La primera sorpresa de su libro es que usted relativiza la importancia de la genética.
-Existe una relativa desigualdad de orden genético. Nuestra tristeza o nuestra alegría están relacionadas con la producción de la serotonina, un antidepresor natural que los humanos segregamos en mayor o menor cantidad de acuerdo con nuestra naturaleza. No todos reaccionamos igual cuando vemos una bonita escena de una película, pero esa diferencia es menos esencial que el impacto de nuestro entorno.

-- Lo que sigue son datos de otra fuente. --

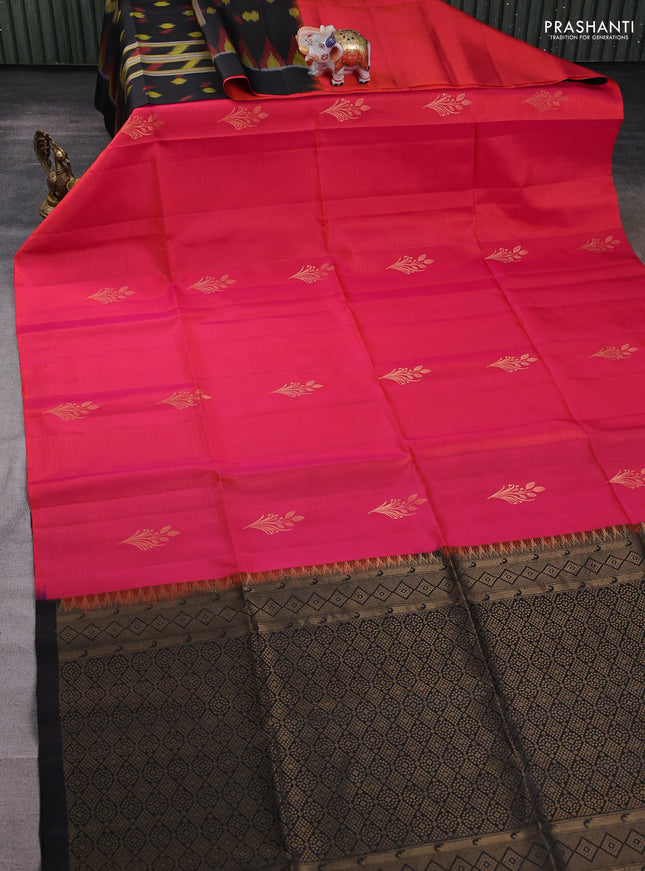 Ikat soft silk partly saree dual shade of pinkish orange and black with ikat weaves& zari woven buttas and simple border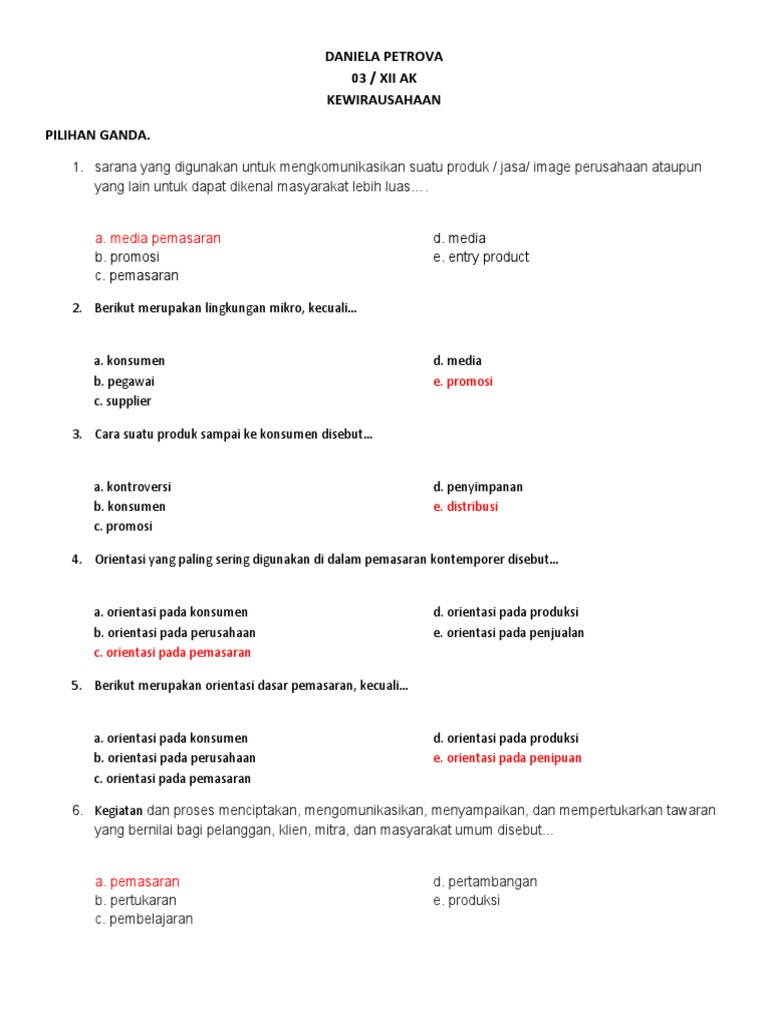 Wajib Tahu Kumpulan Soal Pilihan Ganda KWU Kelas 12 Bab 1 dan 4 Agar Nilai Sempurna Wajib Tahu Kumpulan Soal Pilihan Ganda KWU Kelas 12 Bab 1 dan 4 Agar Nilai Sempurna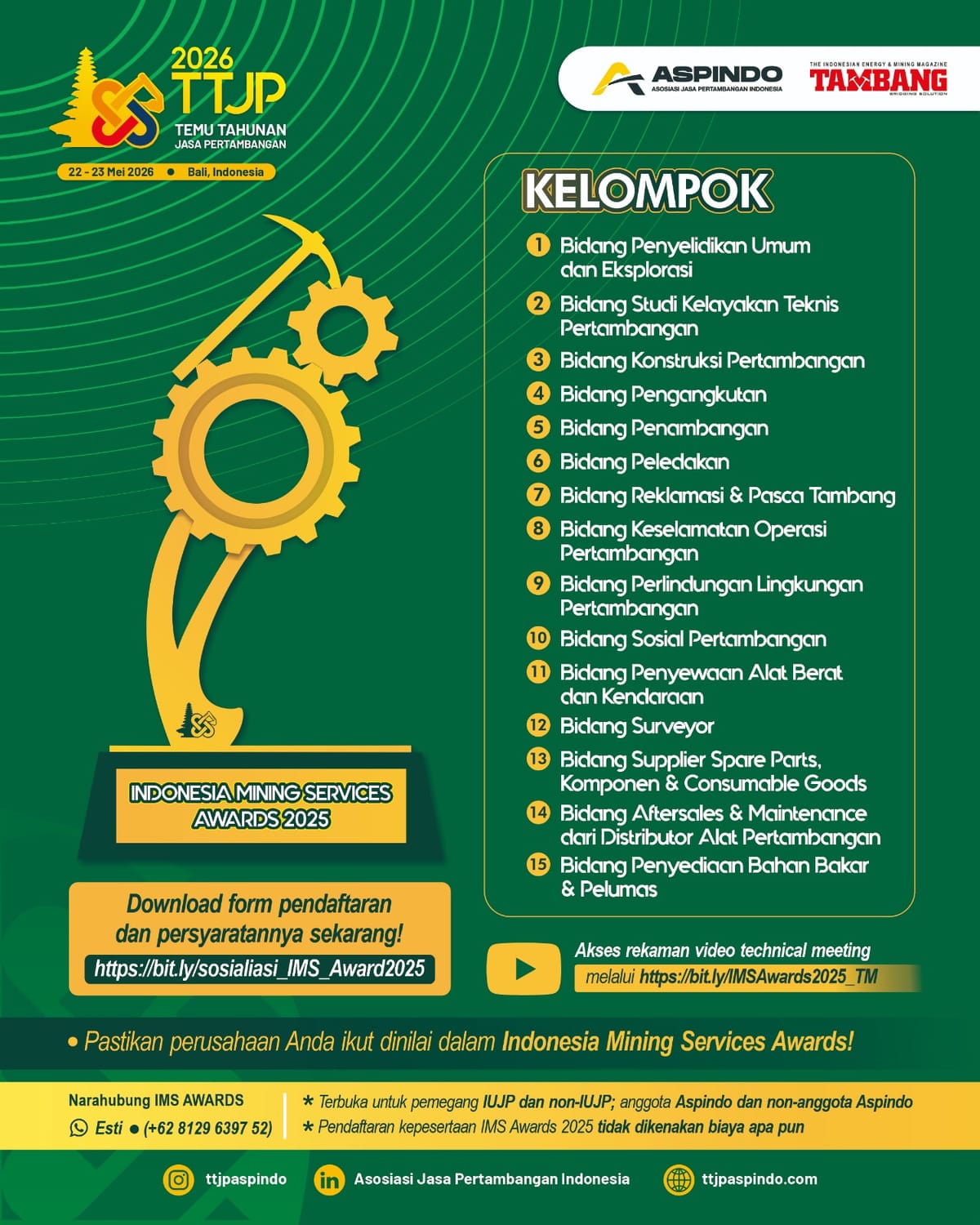 IMS Awards 2025 Digelar Mei Ini, Dorong Peningkatan Kinerja Jasa Pertambangan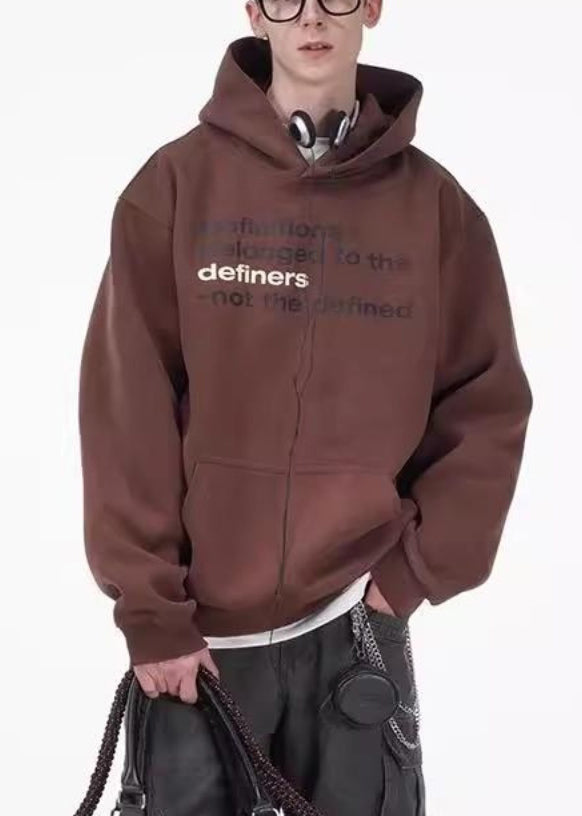 Lose Kaffee Brief Taschen Übergroße Baumwolle Herren Sweatshirts Frühling YQ027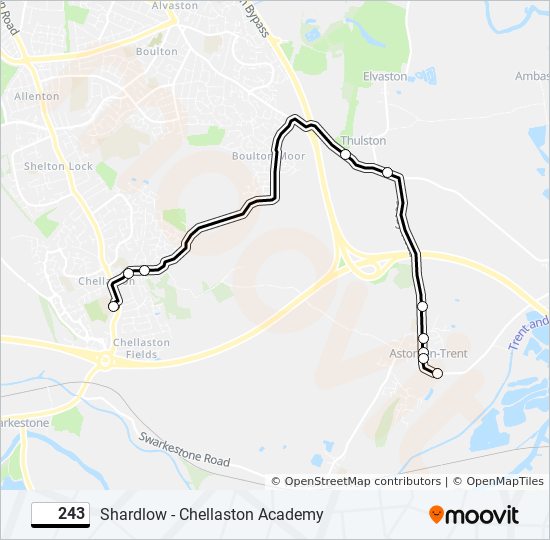 243 bus Line Map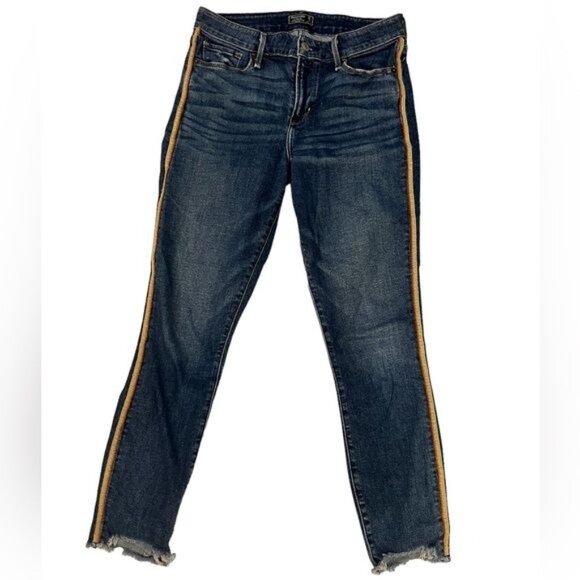 Abercrombie & Fitch Harper Low Rise Ankle Medium Wash Side Ribbon Size 4 - Picture 3 of 13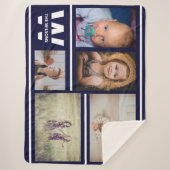 ネイビーストライプズ複数の写真カスタムモノグラム シェルパブランケット (正面)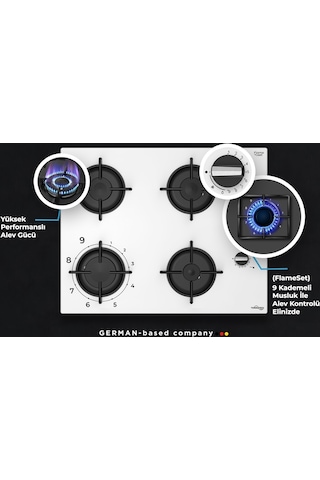 Tommatech TAO6001BG Ankastre Gazlı Ocak 65 Cm Siyah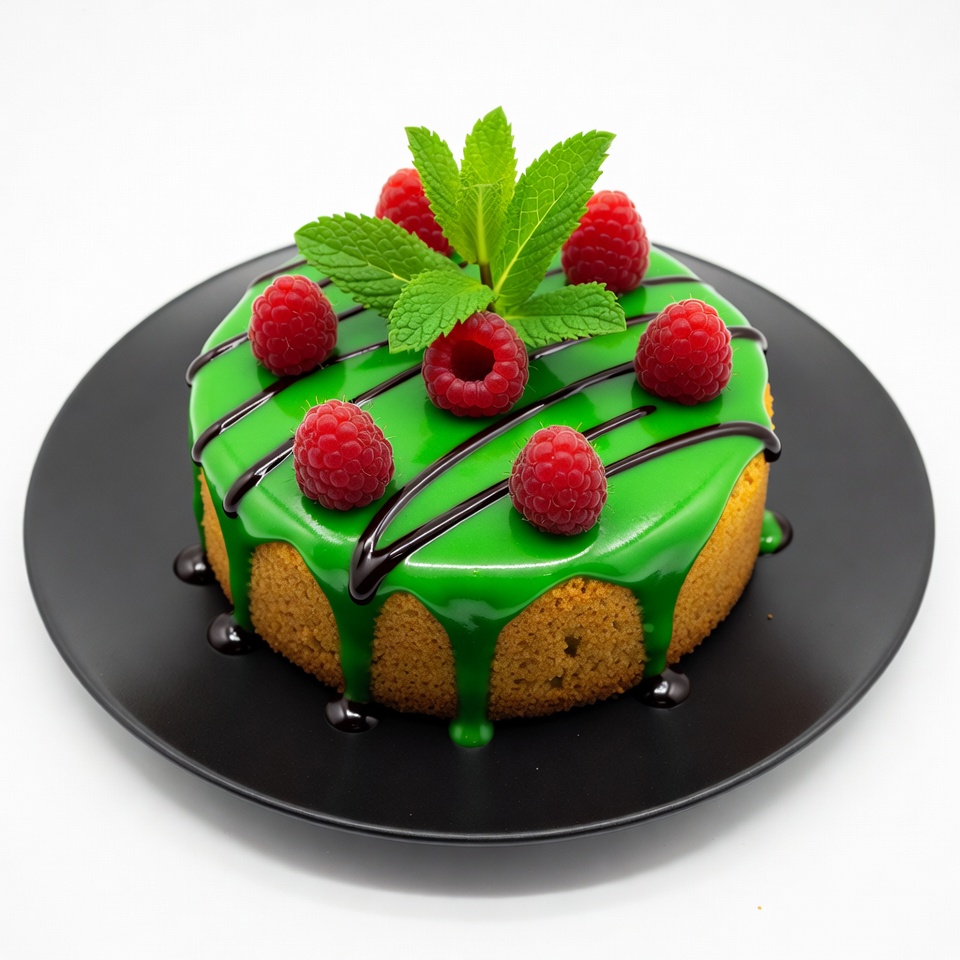 Green Cake with Raspberries and Mint Green Cake with Raspberries and Mint
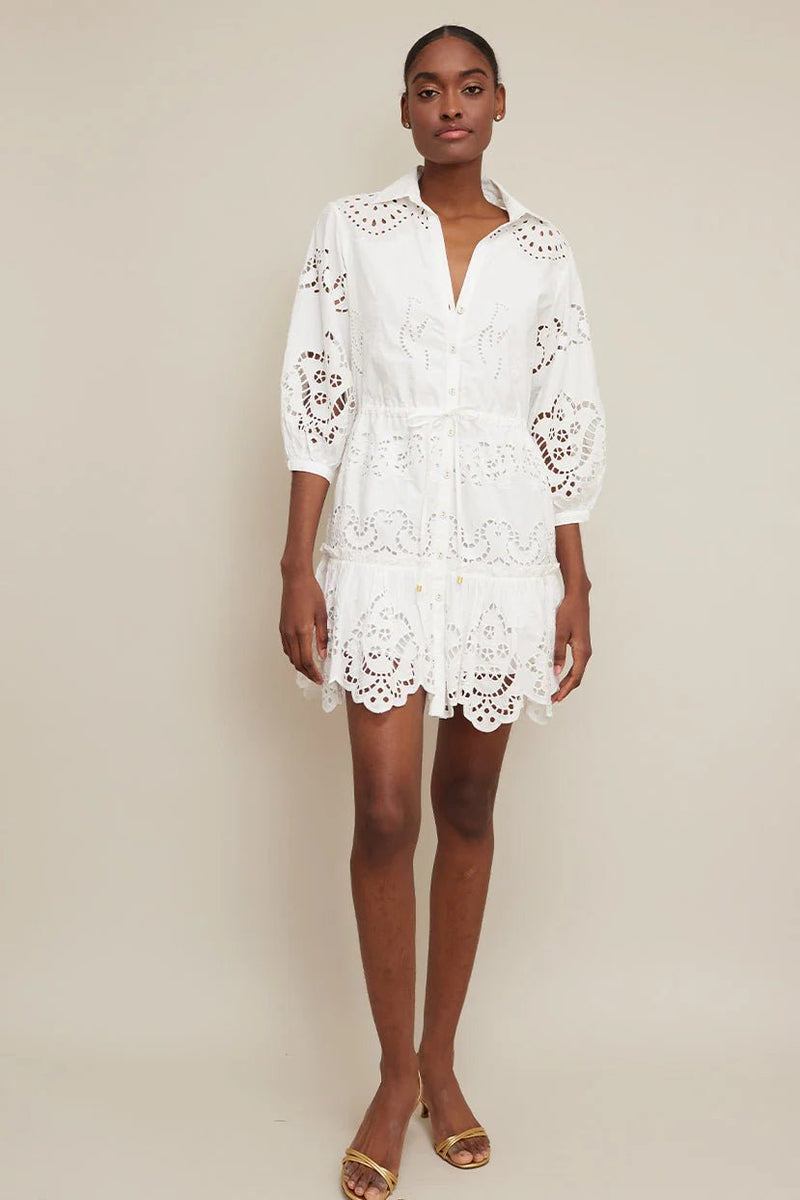 Dresses Cara Cara Robin Long Sleeve Short Dress Embroidered Eyelet White Apoella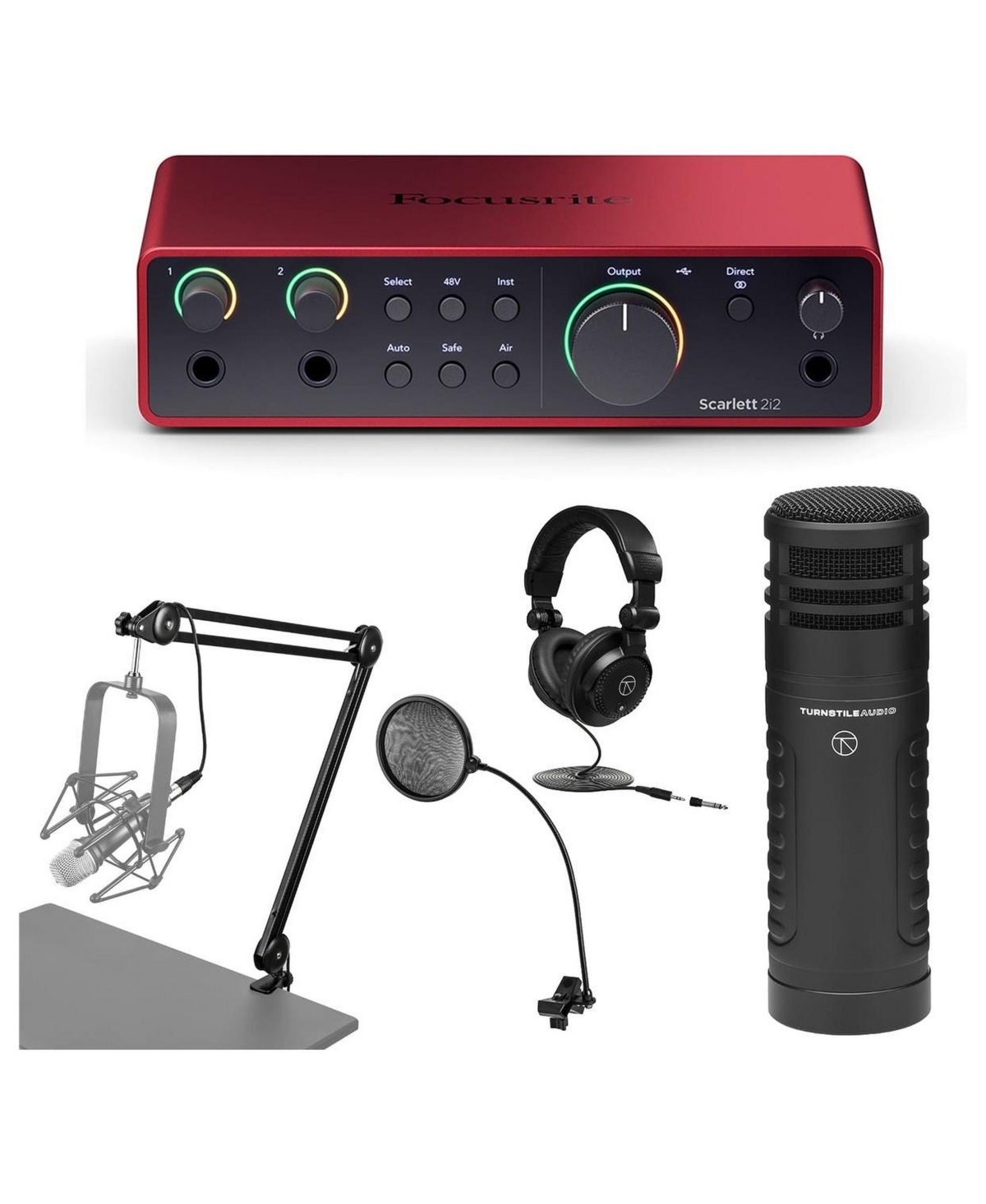 Focusrite Scarlett 2i2 4th Gen Usb Interface with Sw, TAP500 Mic, Headphones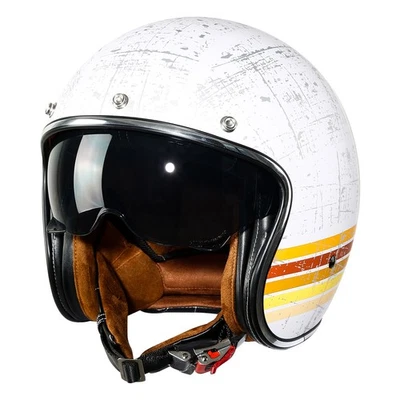 Casco retro de motocicleta de media cara abierta con gafas talla L aprobado por el DOT Foto 1 de 4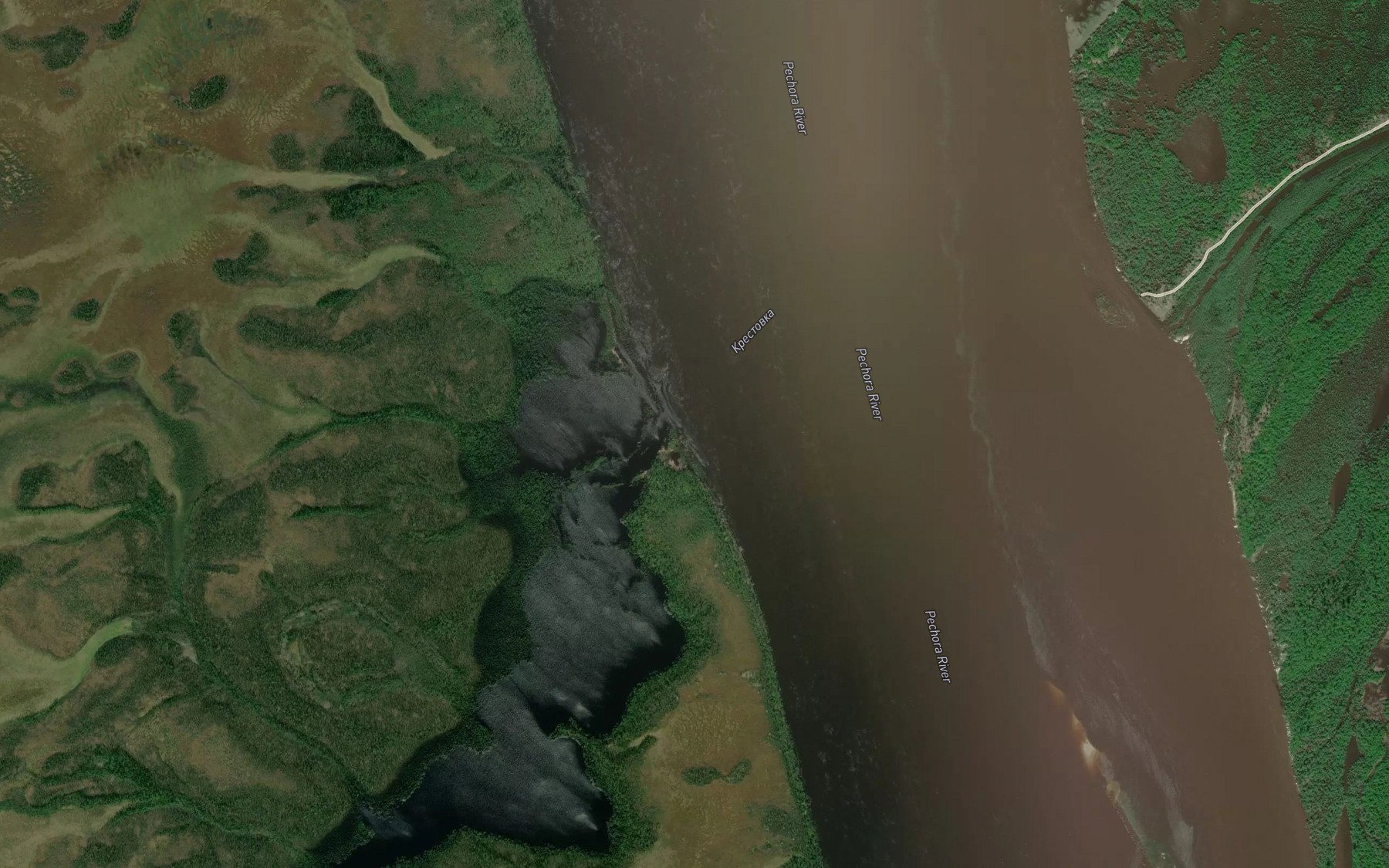 Satellite map of the Krestovka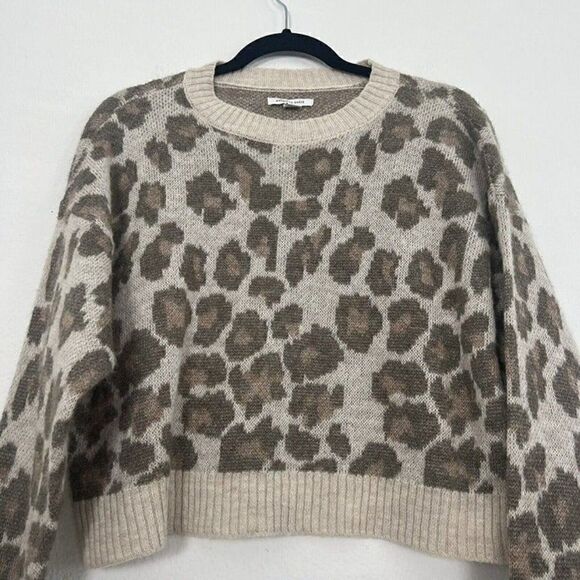 American Eagle Womens Cheetah Leopard Print Wool Blend Knit Crewneck Sweater XS - Picture 11 of 11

¿Hasta qué extremo es determinante, entonces, el entorno?
-El cerebro es un fenómeno continuo. Se construye, también, como resultado de las relaciones, del contexto cultural y, ante todo, de las experiencias afectivas de nuestra vida. Todas ellas influyen en la anatomía misma del cerebro. Le pongo como ejemplo mis trabajos en los orfelinatos de Rumanía. Allí pude visitar niños enfermos que sufrían una atrofia cerebral, de manera que habían sido abandonados. Cuando la ecuación es exactamente al revés: porque fueron abandonados y carecían de afecto, padecieron la atrofia cerebral. Nuestros circuitos neuronales se forman de manera espectacular en los primeros cuatro años de vida. Y es entonces cuando los afectos son claves porque es el periodo de mayor plasticidad cerebral. Hasta el extremo de que ya entonces se forja una sensibilidad preferencial respecto a los acontecimientos del mundo exterior.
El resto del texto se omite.